Erteilung einer naturschutzrechtlichen Befreiung für vorgezogene Bodenarbeiten im LSG Nr. 10, LP Mitte/Ost am Harpener Hellweg 10 vor Inkrafttreten des B-Plans Nr. 832 (Polizeipräsidium)
20242175 · Beschlussvorlage der Verwaltung · 19.09.2024 · Umwelt- und Grünflächenamt
Einstimmig nach BeschlussvorschlagEnthaltungen – 1 (Stadtgestalter)Dagegen – 0 Dafür – 13 (SPD, Grüne, CDU, BD, UWG)
▶ KI-Zusammenfassung
Im Rahmen des Bebauungsplanes Nr. 832 am Harpener Hellweg ist die Errichtung eines neuen Polizeipräsidiums für Bochum, Herne und Witten geplant. Um den Zeitplan für die Inbetriebnahme bis Ende September 2027 einzuhalten, sind bereits vor der endgültigen Inkraftsetzung des Bebauungsplanes vorbereitende Bodenarbeiten notwendig. Da das betreffende Gebiet derzeit noch als Landschaftsschutzgebiet eingestuft ist, wurde eine naturschutzrechtliche Befreiung für diese Geländemodellierungen beantragt.
Der Beirat bei der Unteren Naturschutzbehörde hat dieser Befreiung in seiner Sitzung am 3. September 2024 widersprochen. Die Begründung des Beirats umfasst die Bedenken, dass Eingriffe vor dem Satzungsbeschluss des Bebauungsplanes stattfinden könnten, sowie die Forderung nach einer erneuten Prüfung hinsichtlich des Denkmalschutzes und der Alternativenprüfung.

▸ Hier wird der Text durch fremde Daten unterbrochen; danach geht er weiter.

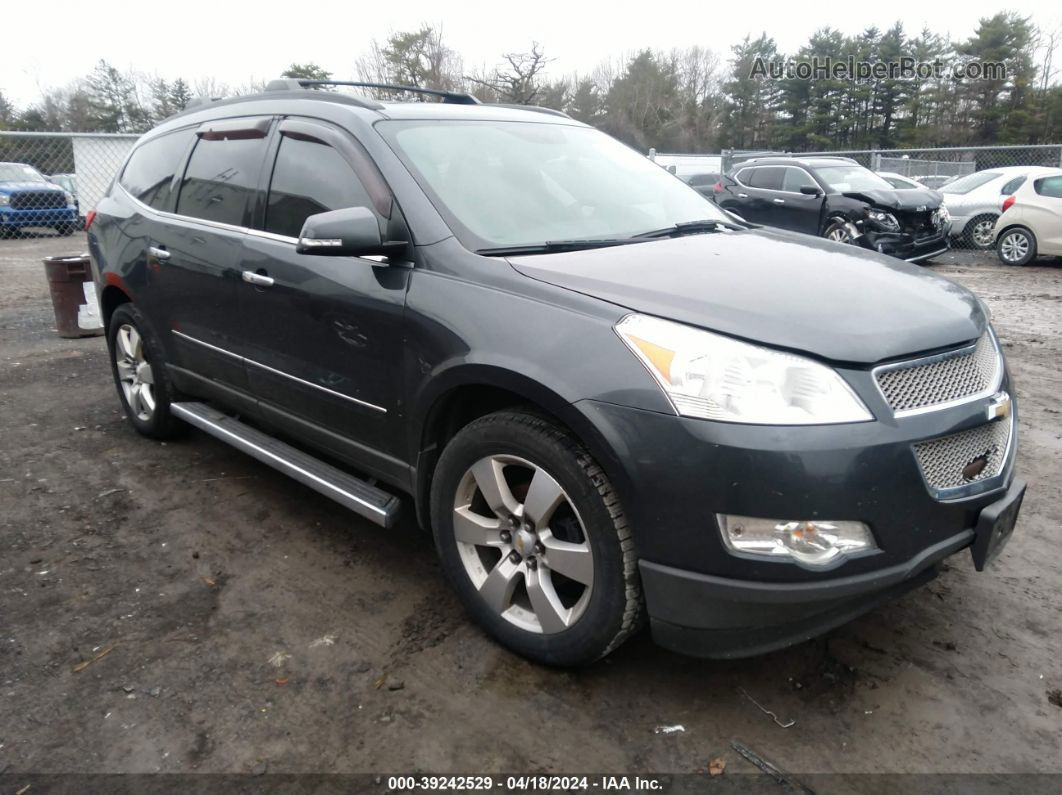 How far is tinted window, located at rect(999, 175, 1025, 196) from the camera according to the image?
1318cm

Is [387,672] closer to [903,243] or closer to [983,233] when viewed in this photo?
[903,243]

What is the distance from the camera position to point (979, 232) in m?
14.2

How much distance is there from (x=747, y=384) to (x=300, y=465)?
6.58ft

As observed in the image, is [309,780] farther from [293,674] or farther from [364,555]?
[364,555]

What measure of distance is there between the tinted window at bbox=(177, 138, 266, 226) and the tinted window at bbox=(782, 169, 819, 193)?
1042 cm

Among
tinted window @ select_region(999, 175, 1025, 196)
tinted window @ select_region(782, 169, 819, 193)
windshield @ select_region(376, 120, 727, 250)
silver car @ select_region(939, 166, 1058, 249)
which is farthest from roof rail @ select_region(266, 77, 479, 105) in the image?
silver car @ select_region(939, 166, 1058, 249)

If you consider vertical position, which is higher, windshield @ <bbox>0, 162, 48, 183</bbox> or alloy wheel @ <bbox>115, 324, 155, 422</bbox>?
windshield @ <bbox>0, 162, 48, 183</bbox>

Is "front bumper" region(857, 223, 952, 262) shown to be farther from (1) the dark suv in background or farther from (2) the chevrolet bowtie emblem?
(2) the chevrolet bowtie emblem

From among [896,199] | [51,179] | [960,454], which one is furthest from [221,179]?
[51,179]

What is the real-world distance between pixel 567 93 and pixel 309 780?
38453 mm

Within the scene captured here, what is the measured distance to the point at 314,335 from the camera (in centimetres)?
305

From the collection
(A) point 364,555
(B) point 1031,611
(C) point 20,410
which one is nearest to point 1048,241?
(B) point 1031,611

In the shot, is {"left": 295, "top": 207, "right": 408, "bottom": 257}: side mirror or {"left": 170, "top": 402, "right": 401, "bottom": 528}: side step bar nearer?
{"left": 295, "top": 207, "right": 408, "bottom": 257}: side mirror

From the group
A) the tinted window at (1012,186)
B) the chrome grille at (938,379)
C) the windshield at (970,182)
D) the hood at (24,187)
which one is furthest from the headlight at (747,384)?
the hood at (24,187) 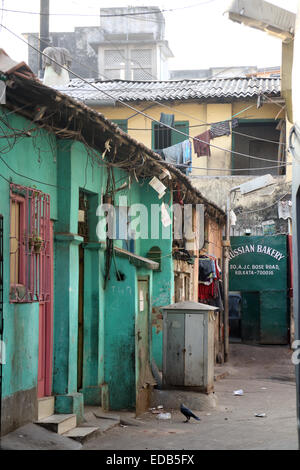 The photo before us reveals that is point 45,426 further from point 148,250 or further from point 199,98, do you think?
point 199,98

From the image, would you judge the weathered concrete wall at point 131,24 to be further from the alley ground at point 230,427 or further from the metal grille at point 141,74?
the alley ground at point 230,427

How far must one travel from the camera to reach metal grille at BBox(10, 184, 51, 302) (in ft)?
27.7

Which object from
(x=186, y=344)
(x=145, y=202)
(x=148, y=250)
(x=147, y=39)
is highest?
(x=147, y=39)

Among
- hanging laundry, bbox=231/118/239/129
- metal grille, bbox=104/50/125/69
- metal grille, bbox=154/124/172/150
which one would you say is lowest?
metal grille, bbox=154/124/172/150

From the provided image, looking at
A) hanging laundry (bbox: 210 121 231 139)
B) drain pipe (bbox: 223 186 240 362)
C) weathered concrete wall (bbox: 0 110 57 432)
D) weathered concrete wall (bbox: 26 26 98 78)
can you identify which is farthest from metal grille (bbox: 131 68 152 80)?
weathered concrete wall (bbox: 0 110 57 432)

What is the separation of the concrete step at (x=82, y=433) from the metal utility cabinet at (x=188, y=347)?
10.9ft

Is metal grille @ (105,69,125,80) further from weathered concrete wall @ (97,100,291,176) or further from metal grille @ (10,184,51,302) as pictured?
metal grille @ (10,184,51,302)

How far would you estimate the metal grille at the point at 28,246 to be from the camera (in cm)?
844

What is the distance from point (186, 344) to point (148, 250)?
9.07 feet

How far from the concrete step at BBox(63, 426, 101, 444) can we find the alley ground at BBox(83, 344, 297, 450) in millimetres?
82

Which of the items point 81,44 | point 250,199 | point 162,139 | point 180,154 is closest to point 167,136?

Die Verwaltung legt dem Ausschuss für Umwelt, Nachhaltigkeit und Ordnung nun vor, den Widerspruch des Naturschutzbeirates als unberechtigt zu bewerten, sodass die Untere Naturschutzbehörde die Befreiung erteilen kann. Die Behörde begründet das Vorhaben mit dem überwiegenden öffentlichen Interesse an der Sicherheit und Ordnung sowie der Notwendigkeit, archäologische Untersuchungen frühzeitig durchzuführen, um Verzögerungen im Bauablauf zu vermeiden.